[Records from a data source]
----

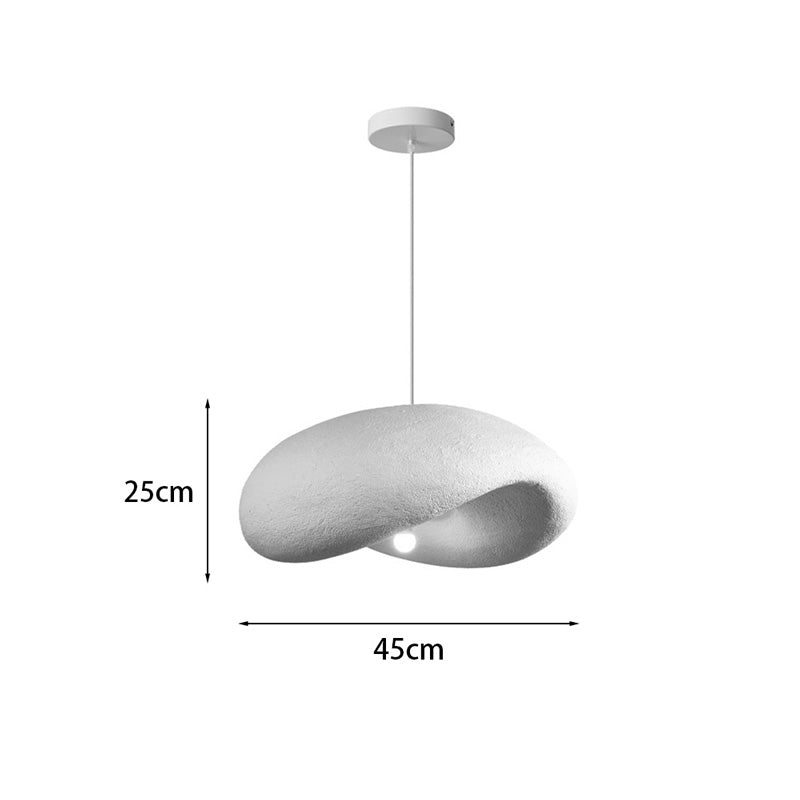 Led ceiling lamp Ferecon E27 white ps D45x25cm
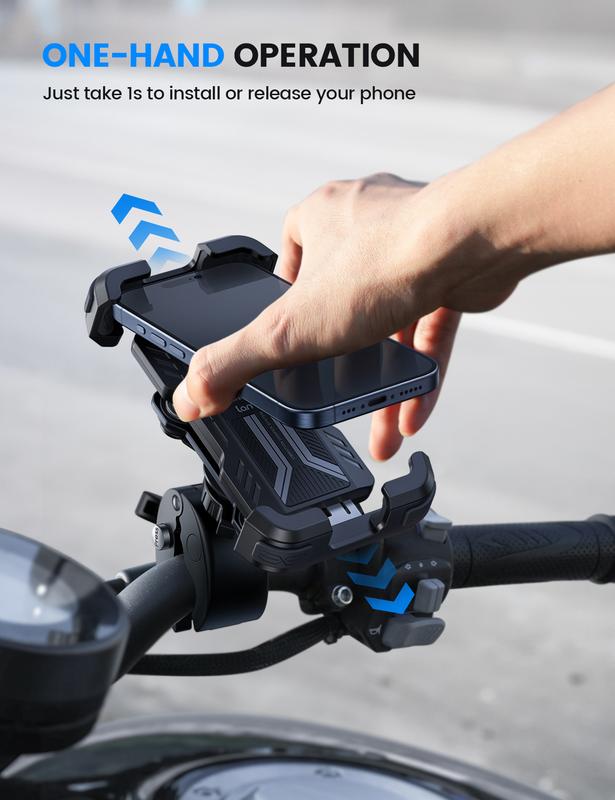 Lamicall Motorcycle Phone Mount – Dual Anti-Vibration Shock Absorber, Full Protection, 360° Secure Holder for iPhone 17pro/16/15/14/13 & All 4.7-6.7” Phones Lamicall Motorcycle Phone Mount – Dual Anti-Vibration Shock Absorber, Full Protection, 360° Secure Holder for iPhone 17pro/16/15/14/13 & All 4.7-6.7” Phones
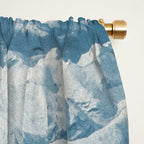 Spraying snow on the mountains Window Curtain Gallery Image 2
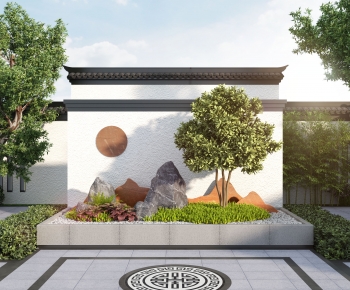 New Chinese Style Courtyard/landscape-ID:912174945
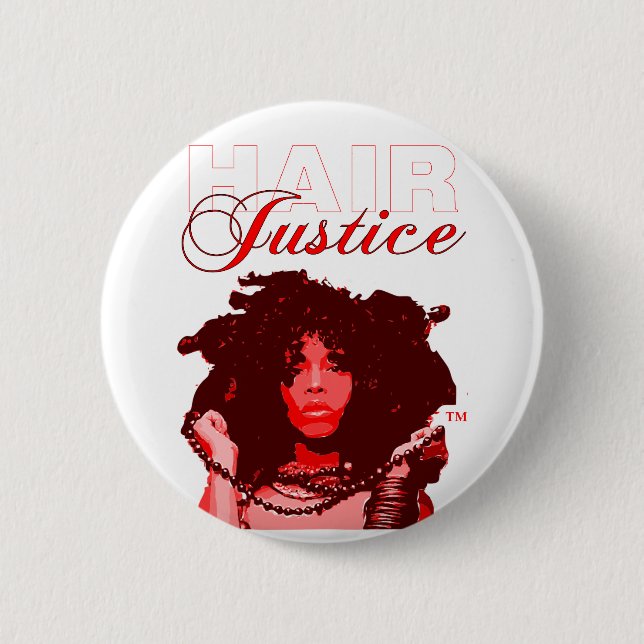 Natural Hair:HairJustice Pinback Button (Front)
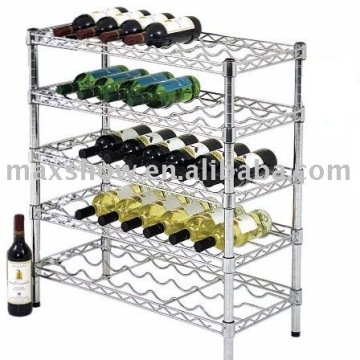 NSF chrome plated metal wine rack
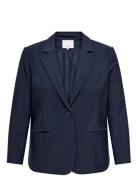 Cartravel L/S Fit Blazer Tlr ONLY Carmakoma Navy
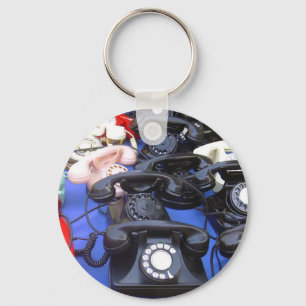 Rotary Telephone Key Ring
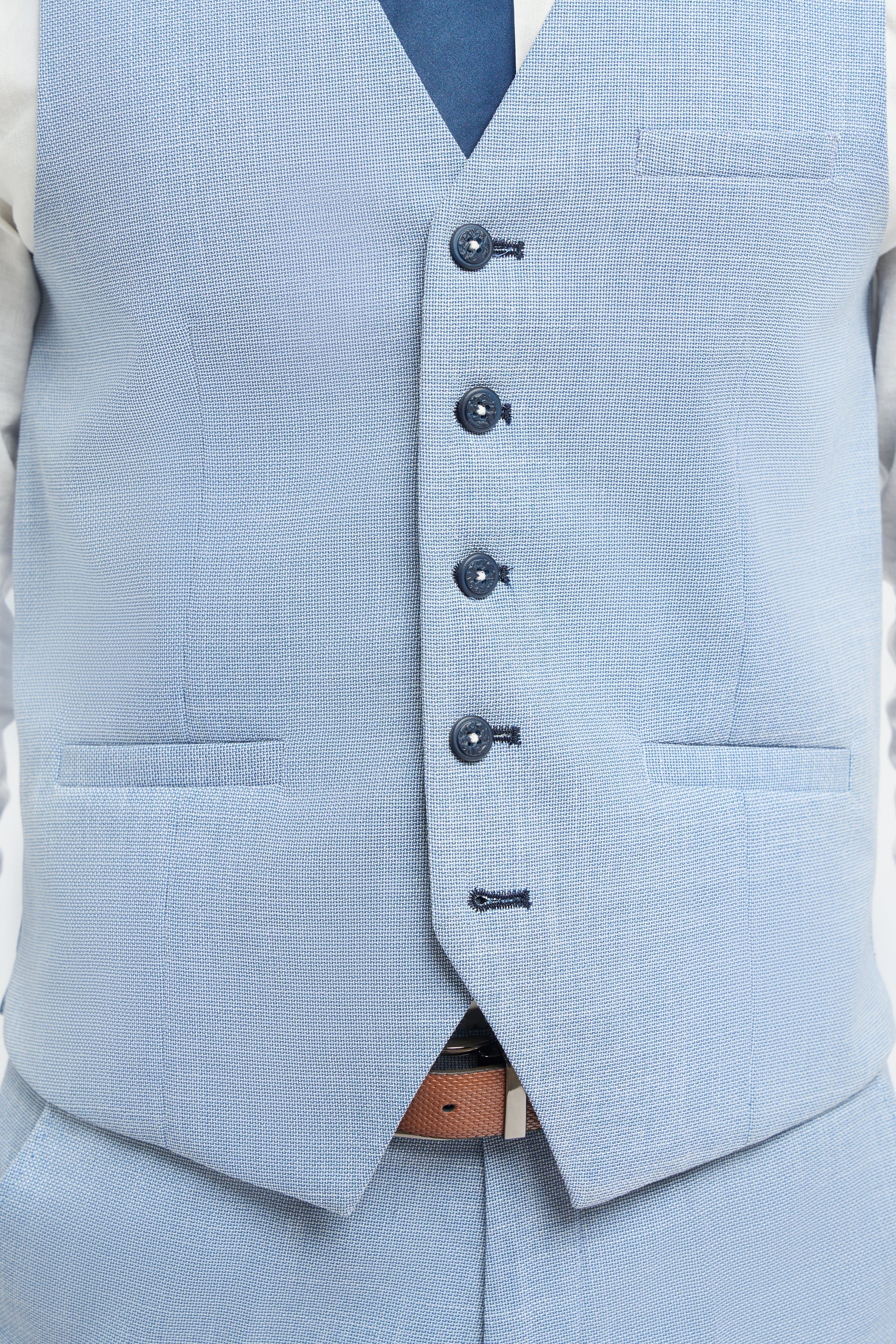 Miami - Men's Summer Light Blue Waistcoat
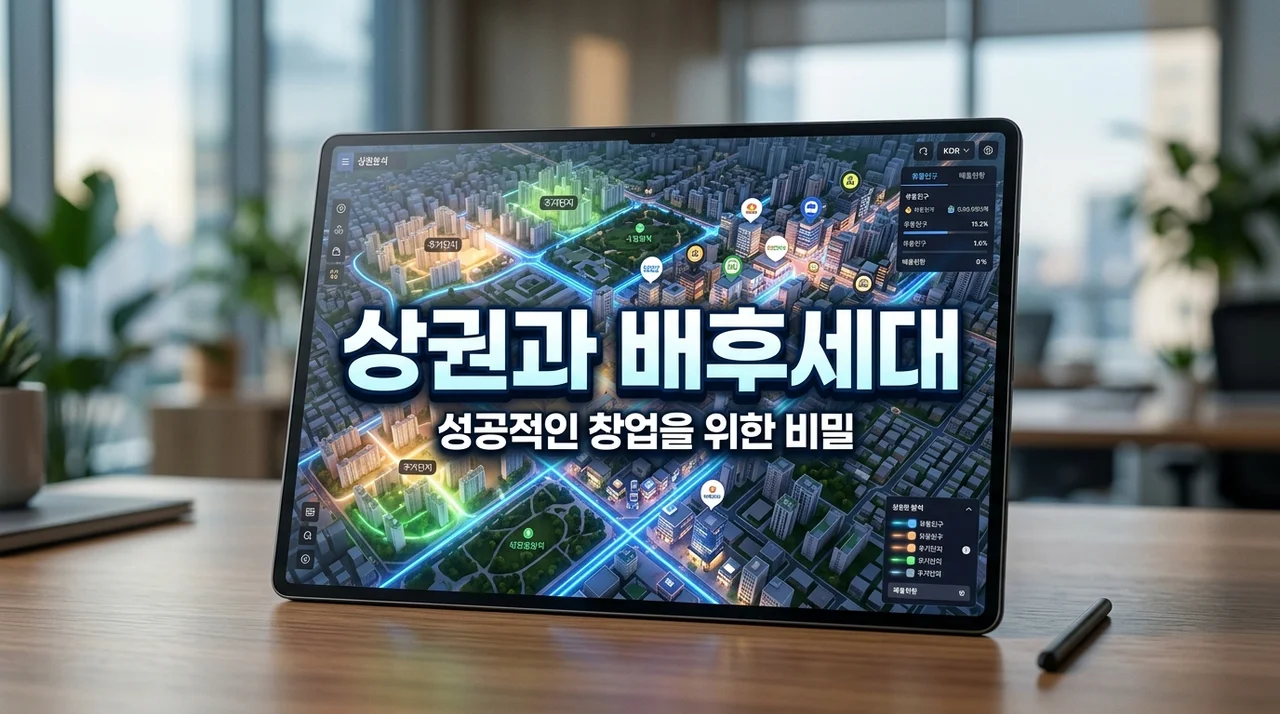 배후세대와 상권의 관계 분석하기: 창업 실패를 피하는 입지 공식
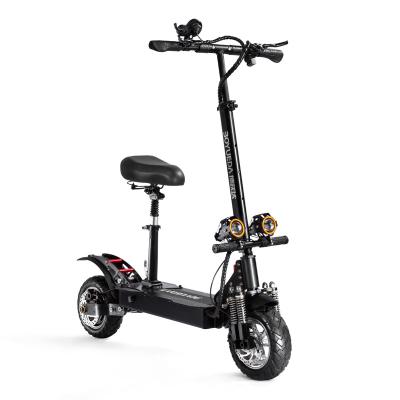 China High Power Scooter 52V 19Ah 1600W Unisex Off Road Motor 10 Inch Fatigue Foldable Portable Electric Scooter for sale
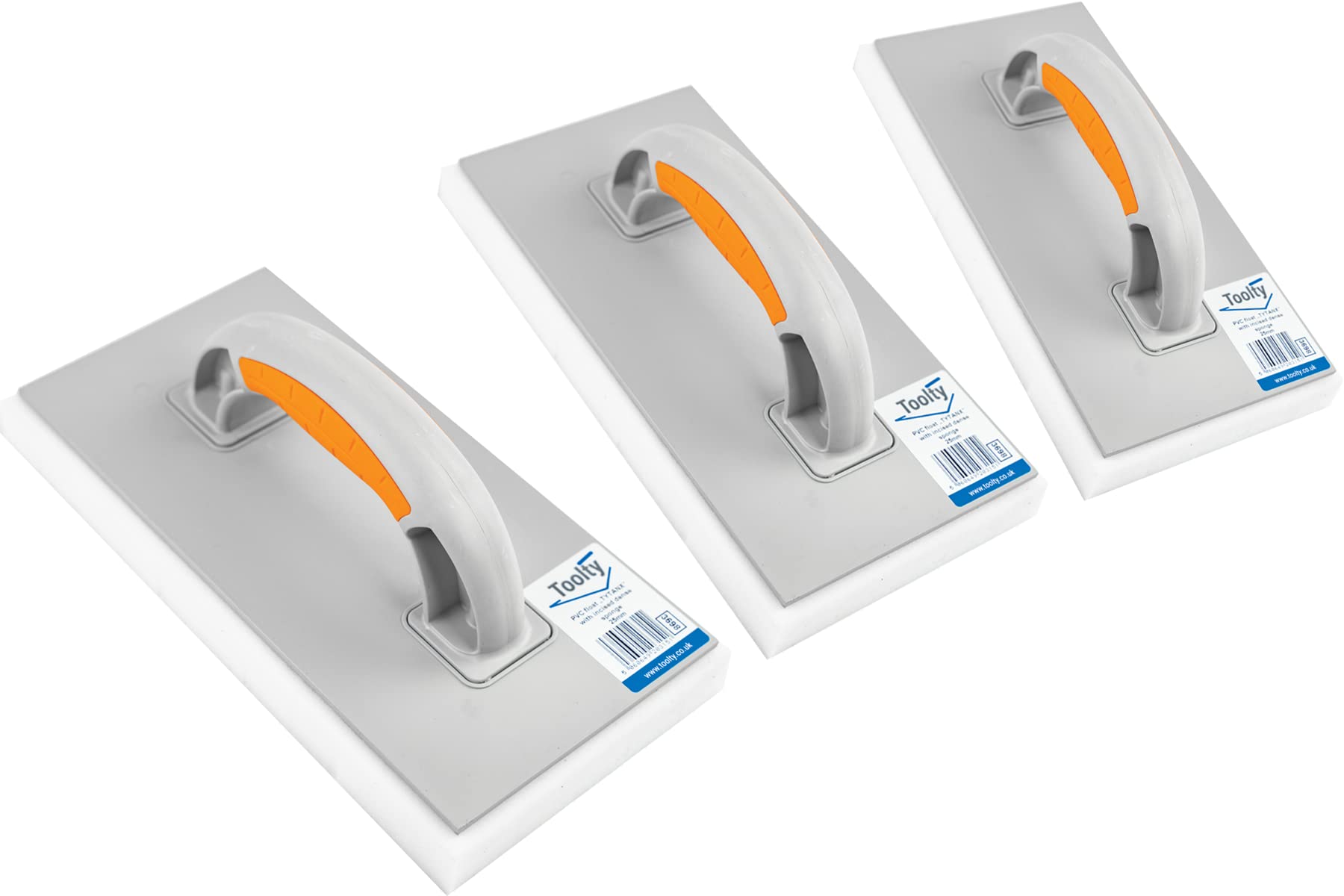Toolty PVC Sponge Float - Set 3 PCS 280 x 140mm - Dense Sponge - for Brick, Concrete, Stucco, Tile and Wallpaper - DIY - TLTY-S046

----

About this exercise:
All of the data above should be transcribed verbatim, with pictures omitted.

Answer for the task:
 Led ceiling lamp Ferecon E27 white ps D45x25cm
 Lamicall Motorcycle Phone Mount – Dual Anti-Vibration Shock Absorber, Full Protection, 360° Secure Holder for iPhone 17pro/16/15/14/13 & All 4.7-6.7” Phones Lamicall Motorcycle Phone Mount – Dual Anti-Vibration Shock Absorber, Full Protection, 360° Secure Holder for iPhone 17pro/16/15/14/13 & All 4.7-6.7” Phones
 Spraying snow on the mountains Window Curtain Gallery Image 2
 New Chinese Style Courtyard/landscape-ID:912174945
 Natural Hair:HairJustice Pinback Button (Front)
 NSF chrome plated metal wine rack
 Cartravel L/S Fit Blazer Tlr ONLY Carmakoma Navy
 Rotary Telephone Key Ring
 Miami - Men's Summer Light Blue Waistcoat
 배후세대와 상권의 관계 분석하기: 창업 실패를 피하는 입지 공식
 China High Power Scooter 52V 19Ah 1600W Unisex Off Road Motor 10 Inch Fatigue Foldable Portable Electric Scooter for sale
Toolty PVC Sponge Float - Set 3 PCS 280 x 140mm - Dense Sponge - for Brick, Concrete, Stucco, Tile and Wallpaper - DIY - TLTY-S046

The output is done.